4. Write the dataset and runtime config
The config keeps the detector definition, dataset paths, runtime knobs, optimizer, checkpoint path, and export intent in one repeatable file.
cat > quickstart.toml <<'TOML'
stages = ["build", "train", "test"]
workdir = "runs/quickstart"
seed = 71
[detector]
name = "retinanet"
num_classes = 1
backbone = "resnet18"
pretrained = false
[detector.neck]
name = "FPN"
out_channels = 128
num_outs = 4
[dataset]
format = "coco"
root = "data/quickstart-coco"
train = "Annotations/train_annotations.json"
val = "Annotations/val_annotations.json"
test = "Annotations/test_annotations.json"
data_prefix = "imgs/"
classes = ["wake"]
in_channels = 3
tif_channels_to_load = [1, 2, 3]
[runtime]
resize = 128
batch_size = 1
max_epochs = 1
num_workers = 0
accelerator = "cpu"
devices = 1
[optimizer]
name = "AdamW"
learning_rate = 0.001
[scheduler]
name = "step"
step_size = 1
gamma = 0.5
[checkpoint]
path = "runs/quickstart/checkpoints/last.ckpt"
resume = false
[export]
formats = ["json"]
TOML
python -m simpledet --project-validate quickstart.toml
5. Train, test, and infer
These are the three operational commands for the quickstart. Run them in order: the test and inference stages load runs/quickstart/checkpoints/last.ckpt, which the train command writes.
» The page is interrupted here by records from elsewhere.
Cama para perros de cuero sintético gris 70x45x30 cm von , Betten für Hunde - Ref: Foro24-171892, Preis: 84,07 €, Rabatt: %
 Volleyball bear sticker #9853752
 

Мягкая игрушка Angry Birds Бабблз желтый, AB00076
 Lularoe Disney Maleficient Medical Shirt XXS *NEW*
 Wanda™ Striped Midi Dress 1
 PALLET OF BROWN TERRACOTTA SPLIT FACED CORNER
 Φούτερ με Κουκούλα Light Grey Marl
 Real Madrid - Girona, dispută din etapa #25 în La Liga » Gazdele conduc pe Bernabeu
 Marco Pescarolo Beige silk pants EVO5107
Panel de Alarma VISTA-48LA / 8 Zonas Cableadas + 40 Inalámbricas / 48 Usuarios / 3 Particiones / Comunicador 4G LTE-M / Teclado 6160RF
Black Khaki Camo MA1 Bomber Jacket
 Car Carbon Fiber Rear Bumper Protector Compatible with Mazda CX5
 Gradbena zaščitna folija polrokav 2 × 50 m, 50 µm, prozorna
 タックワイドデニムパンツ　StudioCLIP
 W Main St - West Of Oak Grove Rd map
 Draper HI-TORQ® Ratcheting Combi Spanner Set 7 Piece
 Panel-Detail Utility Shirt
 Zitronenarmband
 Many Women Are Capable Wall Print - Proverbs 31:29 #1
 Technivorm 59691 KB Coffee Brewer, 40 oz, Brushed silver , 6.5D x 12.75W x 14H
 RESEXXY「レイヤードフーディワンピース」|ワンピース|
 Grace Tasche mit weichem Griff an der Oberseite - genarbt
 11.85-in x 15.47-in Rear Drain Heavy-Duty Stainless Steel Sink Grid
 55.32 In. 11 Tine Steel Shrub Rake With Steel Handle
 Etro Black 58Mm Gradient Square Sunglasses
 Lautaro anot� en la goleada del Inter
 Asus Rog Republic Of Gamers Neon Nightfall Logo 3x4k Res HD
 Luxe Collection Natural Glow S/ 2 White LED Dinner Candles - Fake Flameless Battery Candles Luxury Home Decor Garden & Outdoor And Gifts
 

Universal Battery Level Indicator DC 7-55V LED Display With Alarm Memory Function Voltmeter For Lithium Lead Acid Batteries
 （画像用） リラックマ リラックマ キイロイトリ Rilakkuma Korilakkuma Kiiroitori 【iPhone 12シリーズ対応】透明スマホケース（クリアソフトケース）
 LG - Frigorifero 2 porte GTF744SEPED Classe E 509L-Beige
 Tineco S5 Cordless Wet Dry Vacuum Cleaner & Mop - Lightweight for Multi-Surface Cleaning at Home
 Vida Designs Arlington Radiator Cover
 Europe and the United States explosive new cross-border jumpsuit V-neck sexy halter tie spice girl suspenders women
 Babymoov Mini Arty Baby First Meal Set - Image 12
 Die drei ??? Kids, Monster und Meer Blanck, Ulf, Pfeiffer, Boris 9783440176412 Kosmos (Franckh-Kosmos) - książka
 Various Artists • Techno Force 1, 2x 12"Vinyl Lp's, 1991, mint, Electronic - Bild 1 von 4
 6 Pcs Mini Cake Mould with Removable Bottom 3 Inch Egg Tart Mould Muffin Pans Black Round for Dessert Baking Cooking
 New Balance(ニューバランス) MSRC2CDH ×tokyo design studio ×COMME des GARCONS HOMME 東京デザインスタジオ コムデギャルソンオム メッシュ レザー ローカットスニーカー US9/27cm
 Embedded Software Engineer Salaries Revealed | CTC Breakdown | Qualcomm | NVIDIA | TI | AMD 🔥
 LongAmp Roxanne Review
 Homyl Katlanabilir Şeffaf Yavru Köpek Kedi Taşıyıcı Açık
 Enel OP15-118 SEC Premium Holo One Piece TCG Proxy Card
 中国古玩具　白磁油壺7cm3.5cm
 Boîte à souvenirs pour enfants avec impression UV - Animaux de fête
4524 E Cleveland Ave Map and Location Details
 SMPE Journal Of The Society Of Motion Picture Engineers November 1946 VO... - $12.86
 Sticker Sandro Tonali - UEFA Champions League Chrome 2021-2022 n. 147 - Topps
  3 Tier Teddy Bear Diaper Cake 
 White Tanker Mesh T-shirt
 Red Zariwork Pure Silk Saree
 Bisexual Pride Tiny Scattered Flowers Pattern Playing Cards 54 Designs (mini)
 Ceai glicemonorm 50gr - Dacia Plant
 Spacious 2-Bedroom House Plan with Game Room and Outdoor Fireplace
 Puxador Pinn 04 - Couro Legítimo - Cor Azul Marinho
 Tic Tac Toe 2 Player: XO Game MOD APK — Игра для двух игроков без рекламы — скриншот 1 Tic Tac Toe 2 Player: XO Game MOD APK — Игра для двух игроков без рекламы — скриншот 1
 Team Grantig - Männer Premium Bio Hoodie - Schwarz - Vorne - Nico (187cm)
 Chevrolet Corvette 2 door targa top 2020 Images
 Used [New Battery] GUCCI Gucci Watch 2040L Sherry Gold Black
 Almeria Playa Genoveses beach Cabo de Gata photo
python -m simpledet --project-run quickstart.toml --stages build train
python -m simpledet --project-run quickstart.toml --stages test
python -m simpledet --project-run quickstart.toml --stages infer
Expected artifacts:
runs/quickstart/checkpoints/last.ckpt
native-manifest.json
native-metrics.json
run-manifest.json
- prediction records and metric summaries printed by the CLI
6. Swap in your dataset
Use the same config shape for a real dataset. The important contract is local and explicit: SimpleDet validates the root, image directory, and train, validation, and test annotation files before it creates the workdir or enters the native runtime.
dataset_root/
imgs/
image_0001.png
image_0002.png
Annotations/
train_annotations.json
val_annotations.json
test_annotations.json
Replace data/quickstart-coco, classes, and num_classes together. Keep pretrained = false for fully offline smoke runs; choose a pretrained backbone only when the environment can download or already has the weights.